We will increasingly be triggered to take action in our personal and work lives by the transactions, conversations and relationships found within our activity streams and the activity streams of others. 

The real opportunity for flow-based applications is to evolve from helping us capture and share the moment, to creating triggers for new ones... new transactions, new conversations and new relationships at work and at home that would not have been created otherwise. 

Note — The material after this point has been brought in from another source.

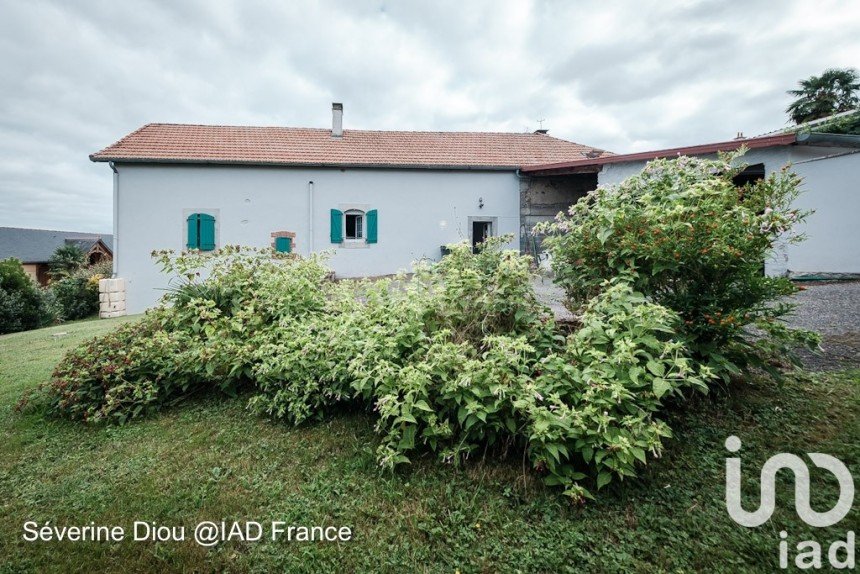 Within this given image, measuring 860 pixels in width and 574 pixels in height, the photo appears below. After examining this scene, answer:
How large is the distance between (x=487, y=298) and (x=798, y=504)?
184 cm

Below are a few sections from his article published in the recent issue of Vodafone's Receiver

"We are rapidly headed towards a new era of human interaction that is marked by perpetual conversations and perpetual info drip-feed, as enabled by the umbilical of the mobile.  With its always-on and always-carried potential, the mobile allows our streams of consciousness and related intentions to be converted instantly into actions with both local and remote effects.  Not only does the mobile enable us to seize the moment, but increasingly it is the cause of the moment, adding more and more events to our daily timeline.

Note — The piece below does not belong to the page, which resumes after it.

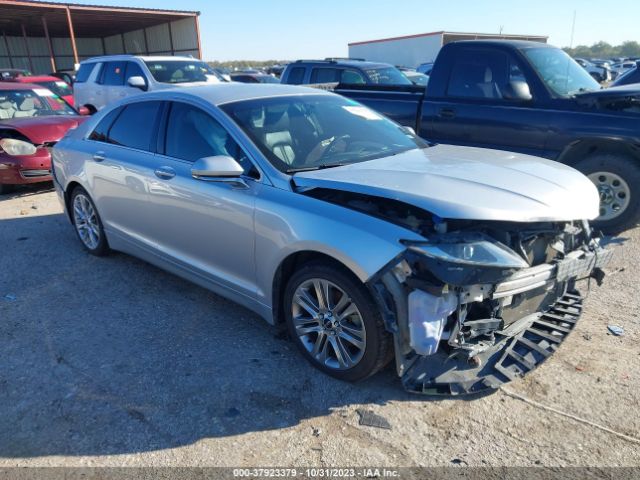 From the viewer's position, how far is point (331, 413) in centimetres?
290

Time is nothing other than the intervals on a clock face counted out by the advancing second hand. But this is not how we experience time. We experience time as a series of moments measured out by events. Our personal timeline is a series of events that happen moment by moment and are dominated by the events that happen in our brains – thoughts, contemplations, urges and emotions bubbling up from our sub-concious stream, some of them converted by the conscious into intentions and sometimes into actions. It is communication and self-expression at the speed of thought

Not long ago, phone calls ('ring ring'), texts ('beep beep') and the alarm clock ('brrr brrr') were the only ways that our mobiles might 'interrupt' us. With Twitter, other Flow based Apps (my edit) and widgets, this is changing. But don't mistake these moments as interruptions. These are the moments that make the stepping stones of our daily timeline across the ocean of people and info chatter. We weave them into our timeline and they weave us into theirs. The tools invented to seize the moment have began to define the moment."